Head & Shoulders Shampoo
James Buckley@jambutty
Apr 01, 2001 04:57 AM, 4667 Views
Heads I Win

As a general rule an advert on the TV or on a billboard will not have me rushing to the nearest shop to buy whatever was being advertised but one such advert on the TV many years ago stuck at the back on my mind and when I became unsatisfied with my current shampoo I remembered about it.


Made by Proctor and Gamble, Head and Shoulders is er! head and shoulders above other brands that I have tried. The white 400 ml oval cylinder bottle with a blue top incorporates a flip top that is easy to open and seals the liquid when not in use.


The creamy blue liquid produces a nice lather which rinses off easily and quickly leaving my 64 years old very grey hair clean and as shiny as grey hair can be and the anti-dandruff shampoo doesn’t leave a trace of dandruff.
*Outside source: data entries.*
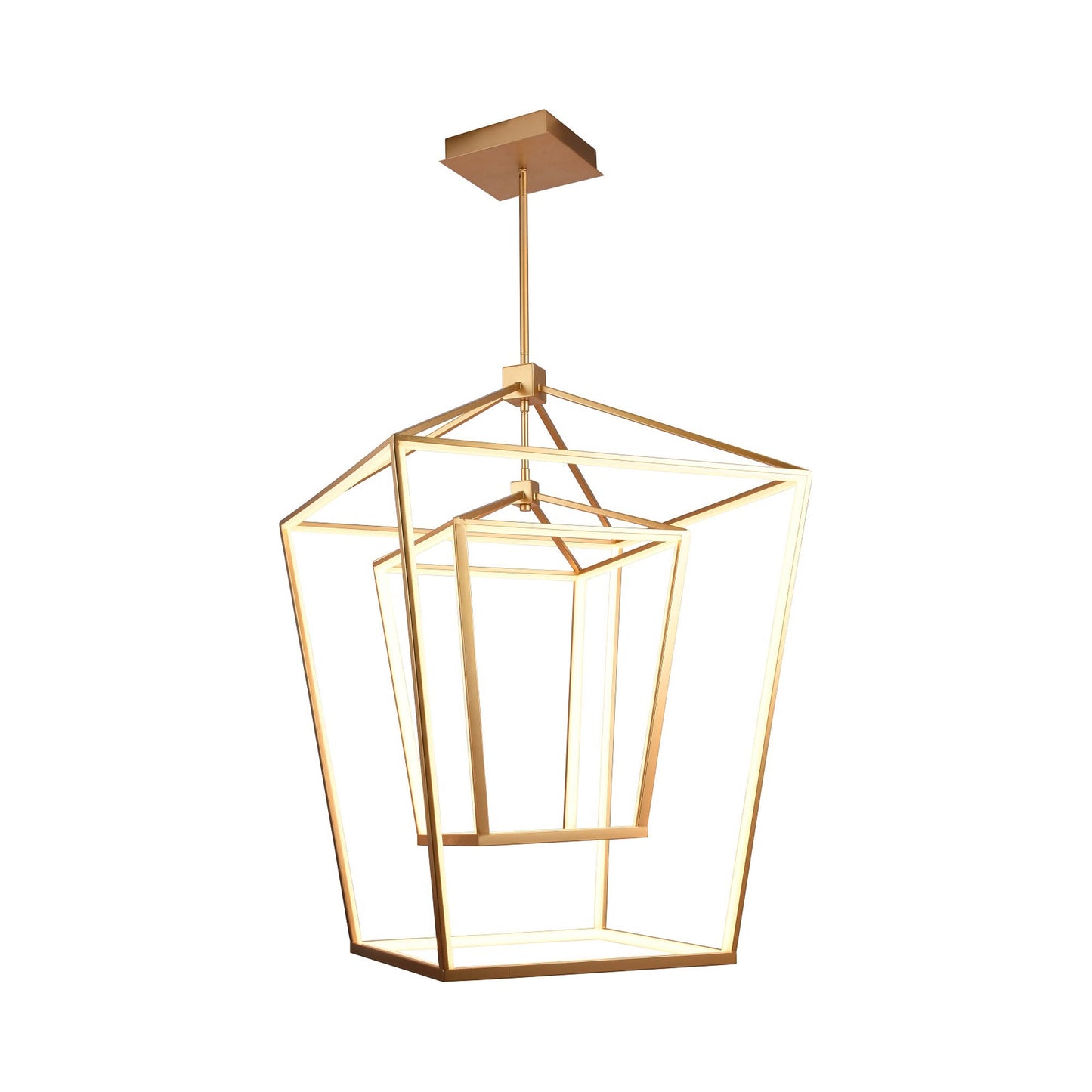 Park Avenue LED Chandelier in Gold (30-Inch/204W).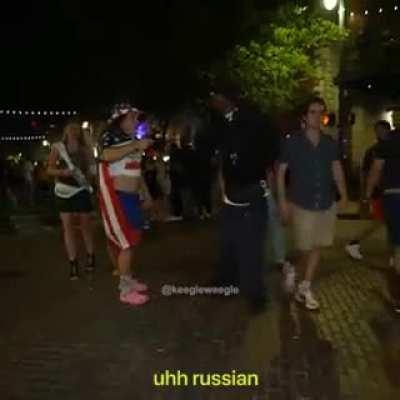 I meant to hit the Russian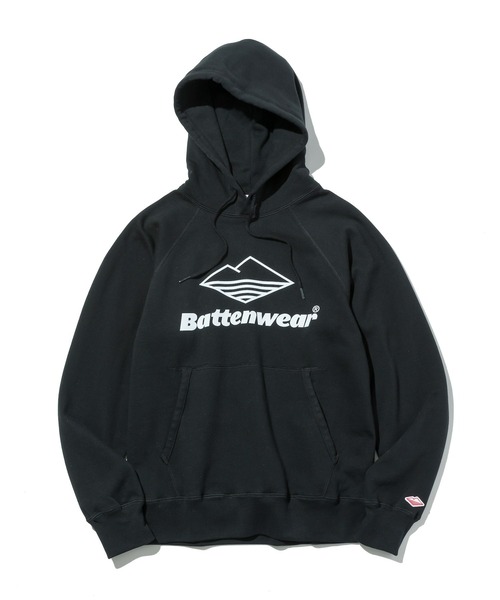 Battenwear（バテンウエア）の「【Battenwear/バテンウェア】カナダ製 フーディー/TEAM REACH-UP HOODY（パーカー・メンズ・ブラック/ヘザーグレー/ダークネイビー・MEDIUM/LARGE/SMALL）」の2枚目の写真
However there is a problem but it has nothing to do with the product. Where I do most of my shopping at a supermarket named ASDA now owned by Walmart, ASDA has introduced their own version of an anti-dandruff shampoo which is about 10% cheaper and by a strange coincidence is in a bottle which is almost identical to the genuine Head and Shoulders bottle. It too is white with a blue top, although the blue is of a different shade. The label too has a striking similarity to the real stuff and just to confuse people even more both products are next to each other on the shelves without a separator between them. A neat little twist from ASDA is that on one shelf they have the 400 ml bottles next to each other and on the shelf below they have different sized bottles. But underneath the real Head and Shoulders bottle they have the ASDA bottle. So it is easy for the unwary, or in a hurry shopper to get them mixed up and buy the ASDA brand when they intended to buy the genuine article. Of course it could work the other way but the shelf content is always greater with the ASDA brand so I don’t suppose that it happens very often. I don’t know if such things happen in India but in England it is common for the supermarket brand of a product to be very similar in appearance to the branded goods, and of course they are always next to each other.